What's the "Bing Rule" in Online Advertising Data?
The “Bing Rule” was coined by one of my favourite marketing analysts, Avinash Kaushik and I see it all the time in my advertising data. Here’s what it is and how it shows up in the numbers.
Transcript:
Someone I follow online is Avinash Kaushik, and he works at Google and he has an email newsletter that he sends out called the marketing analytics intersect. And this is just what it sounds like, how marketing and analytics and data work together. And I read every single one. It is super insightful and today's video was inspired by a concept that he coined and that term is the Bing role. And he refers to this as the smallest numbers having the highest percentage points. This came from an analysis of advertising data, where they noticed that often Bing was getting higher conversion rates over Google traffic. So Bing ads were sending better quality traffic than Google. And when business leaders noticed this, they were like, we need to put all of our money into Bing ads.

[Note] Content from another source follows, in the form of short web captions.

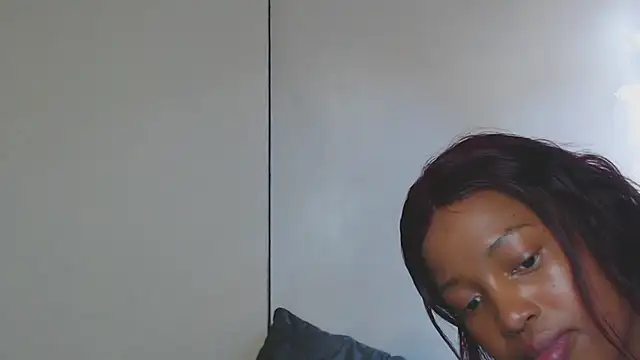 hotsexycindy (F teen) - finger pussy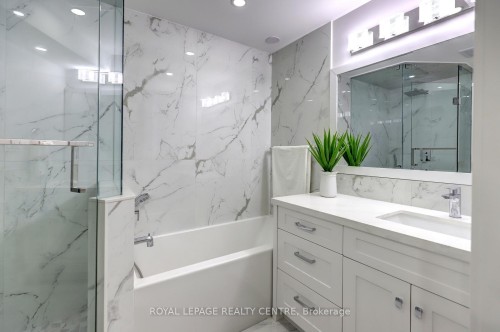 2257 Springfield Court, Mississauga, ON 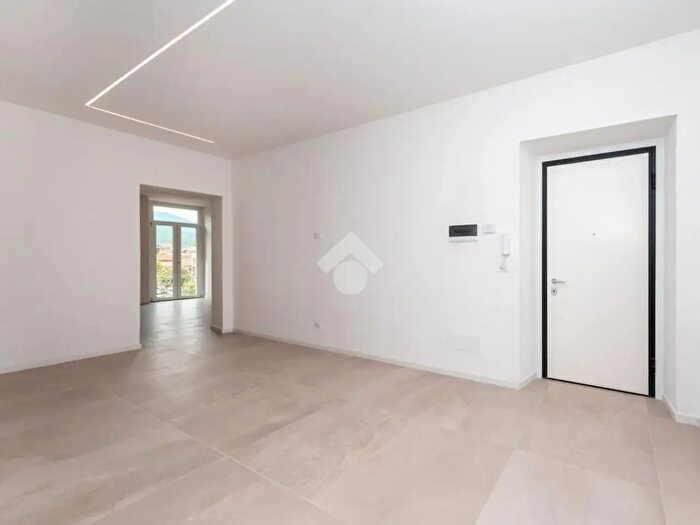 Appartamento con 5 locali in vendita in Piazza San Lorenzo, Giaveno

But what they didn't look at was the fact that Bing was getting them maybe a hundred customers. Whereas Google was getting them a hundred thousand. So even though the quality was there with Bing there just wasn't the same scale that they could get with Google. And so they just wouldn't be able to grow in the same way without Google ads. This concept is seen in a lot of different places. And I notice it all the time in Facebook advertising where one placement is doing really well, but the volume just isn't there, or maybe one audience is performing really well, but we just can't seem to scale it due to just supply and demand that audience is really high-performing, but it's maybe just not big enough to really scale and grow that in the way that we want to.